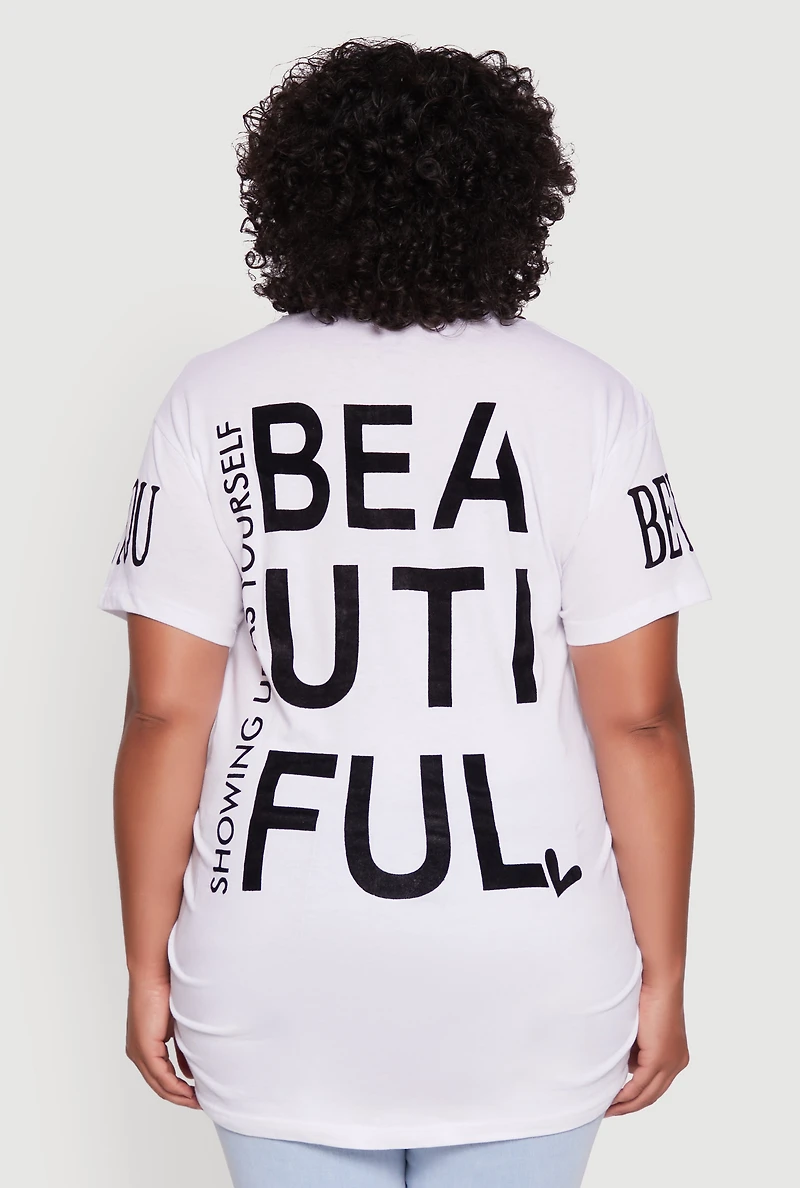 Womens Plus Velvet Burnout Beautiful Graphic Tee, White,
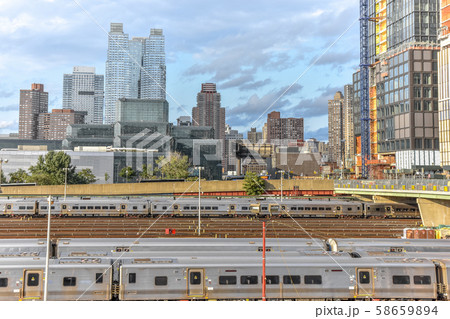Train station, skyscrapers and buildings under 58659894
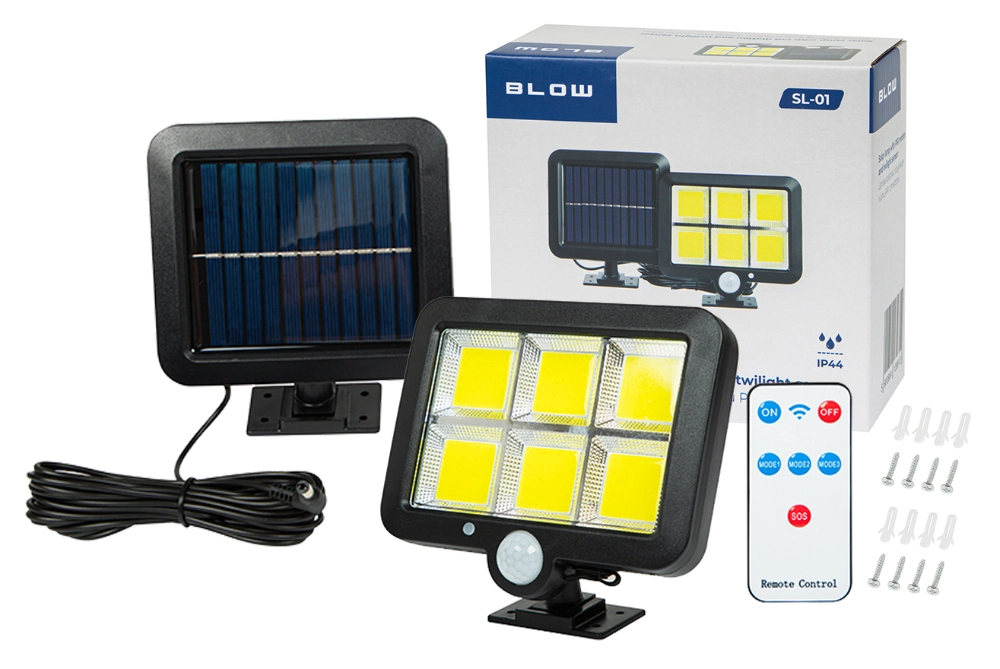 Lampa ścienna solarna regulowana LED BLOW SL-01 z czujnikiem ruchu i zmierzchu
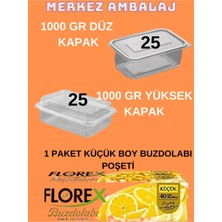 Feyza Design Kullan At Plastik Kapak 25 Adet Düz ve Yüksek Kapak, 1000 gr Sızdırmaz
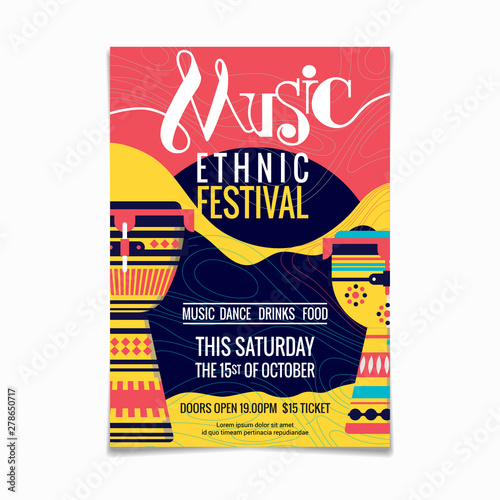 Folk music festival or ethnic music poster design template of national or ethnic musical instruments African djembe photo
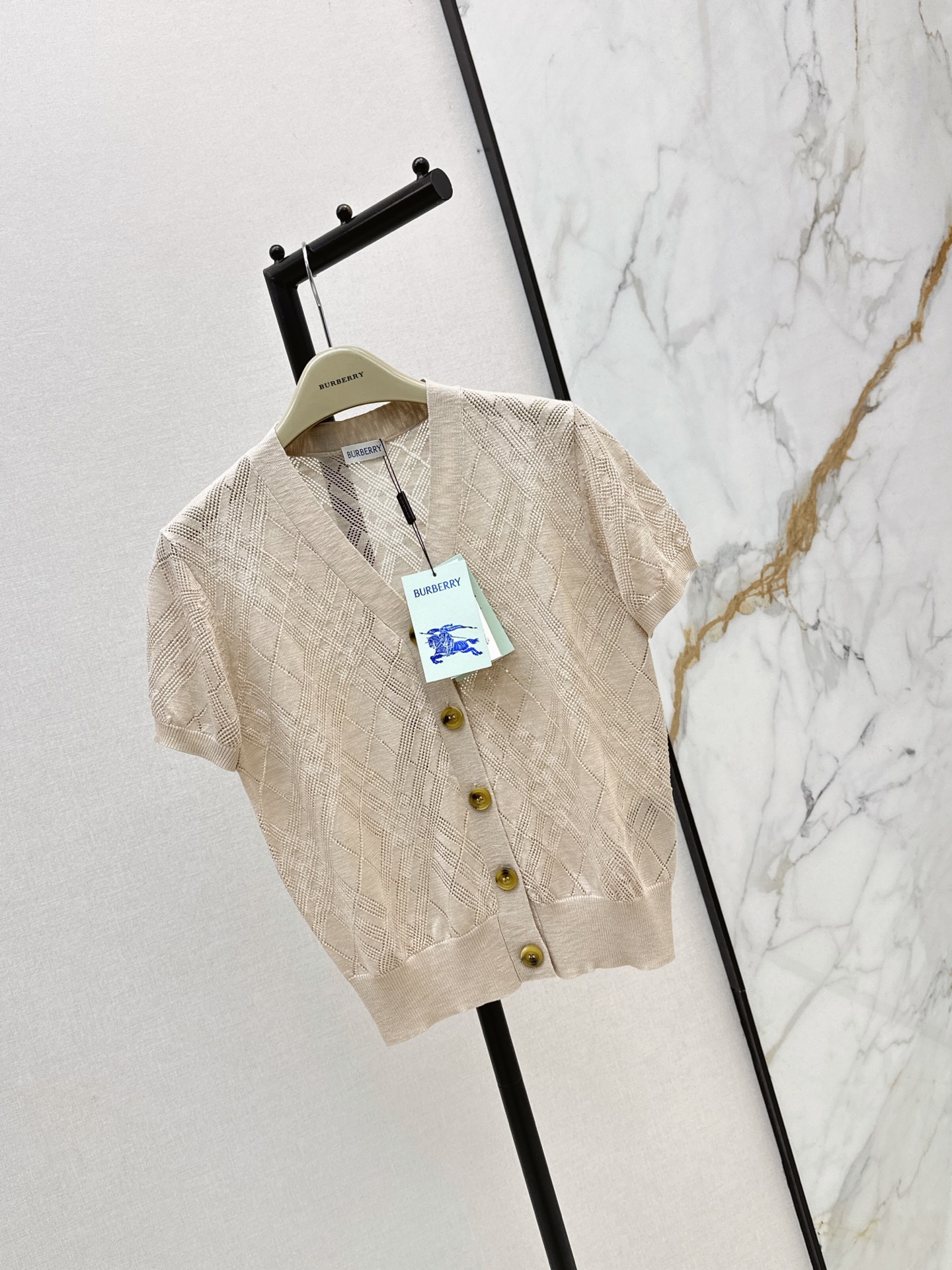 Bur 26ss check jacquard knitwear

- - - - - - -

## What the task requires
I need the lines from the one containing "Feyza Design Kullan" through the end of the records retyped exactly, with the pictures left out.

## Exercise solution
 Feyza Design Kullan At Plastik Kapak 25 Adet Düz ve Yüksek Kapak, 1000 gr Sızdırmaz
 Folk music festival or ethnic music poster design template of national or ethnic musical instruments African djembe photo
 Bur 26ss check jacquard knitwear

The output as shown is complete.